„Der gefrorene Mauskot war genau das, was wir für unsere Darmkrebsforschung brauchten“

„Der gefrorene Mauskot war genau das was wir fuer unsere


Wissenschaftler gehen selten direkt zum Ziel. Eine Ode an die unerwarteten Entdeckungen. Heute: Wie die Darmkrebsforschung von Hein te Riele durch gefrorenen Mäusekot wiederbelebt wurde.

Frank Ressen

„Meine Forschung befasst sich mit einer frühen Form von Darmkrebs, dem Lynch-Syndrom. Es ist eine Erbkrankheit, bei der Eltern einen Gendefekt an ihre Kinder weitergeben. Dieser Defekt betrifft einen wichtigen Mechanismus, der unerwünschten genetischen Mutationen entgegenwirkt. Infolgedessen entwickeln Menschen mit diesem Defekt eher Krebs.

Hein te Riele: „Dass wir die Wirkung der Bakterien auf den Darm untersuchen konnten, war rein zufällig.“Bild Tim Fennis

„Ich versuche zu verstehen, wie dieser Prozess funktioniert. Dazu verwenden wir Mäuse, in die wir den Gendefekt eingebracht haben. Diese Mäuse bekommen sehr schnell einen Darmtumor. Dann schauen wir uns an, wie wir das Risiko einer Tumorbildung reduzieren können.

„2015 habe ich mit meiner Doktorandin Wietske Pieters mit solchen Mäusen gearbeitet, als wir in eine neue, modernere Tierhaltung umziehen mussten. Das schien nicht falsch zu sein: Die neue Residenz war viel sauberer. Die Tiere waren besser vor Infektionen aller Art geschützt.

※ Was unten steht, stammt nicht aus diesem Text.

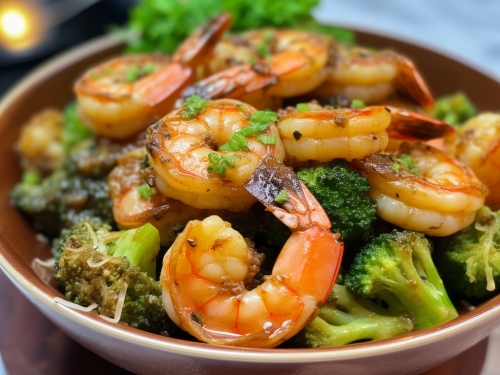 Low Carb Shrimp and Broccoli Recipe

„Eine so saubere Einrichtung erschien uns ideal, aber sobald wir an die Arbeit gingen, entwickelten unsere Mäuse keine Tumore mehr. Wir haben sofort versucht herauszufinden, wie das möglich ist. Wir kamen zu dem Schluss, dass es an der neuen, sauberen Umgebung liegen musste: Im Vorgängerbau waren allerlei Bakterien im Umlauf, die offenbar eine wichtige Rolle bei der Tumorbildung spielten. Aber jetzt fehlten sie.

„Wir waren überrascht, dass die Wirkung so stark sein konnte. Um weiter zu recherchieren, mussten wir zunächst herausfinden, welche Art von Bakterien in den alten Quartieren vorhanden waren. Leider wurde dieses Gebäude abgerissen. Wir würden nie wieder die alten Bedingungen replizieren können.

„Bis wir feststellten, dass wir noch gefrorenen Mäusekot aus dem vorherigen Mäusehaus hatten. Wir hatten diese Kacke in einer ganz anderen Studie verwendet und einfach nie weggeworfen. Wenn Sie nicht aufpassen, könnte dieses Zeug zwanzig Jahre später immer noch im Gefrierschrank liegen, bis jemand fragt, ob Sie es herausnehmen können.

„In diesem Kot hat Wietske gesehen, welche Bakterien beim vorherigen Aufenthalt vorhanden waren, genau das, was wir brauchten. Einige Mikroben hatten sogar die Eiseskälte überlebt. Völlig zufällig konnten wir daher noch die Wirkung der Bakterien auf den Darm untersuchen, indem wir den gefrorenen Kot in unsere Mäuse transplantierten.

„Und tatsächlich, die Mäuse, denen der alte Kot transplantiert worden war, entwickelten alle möglichen Infektionen, die wir auch bei den Mäusen im alten Gebäude gesehen haben. Außerdem begannen sich die Zellen in der Darmwand schneller zu teilen, und Veränderungen in der DNA traten schneller auf. Dennoch entwickelte keine einzige Maus einen Darmtumor.

„Wir denken, dass die Bakterien bei der Krankheit eine Rolle spielen, aber wir haben noch kein vollständiges Bild von den Zuständen im Altbau mit den gefrorenen Fäkalien. Die Untersuchung dauert noch an, weil wir definitiv etwas Wichtigem auf der Spur sind.‘

Hein te Riele erforscht die genetischen Ursachen von Krebs am Niederländischen Krebsinstitut des Antoni van Leeuwenhoek. Zu diesem Zweck entwickelt er mit seiner Gruppe neue Methoden zur genetischen Veränderung, um die Tumorbildung kontrolliert zu induzieren.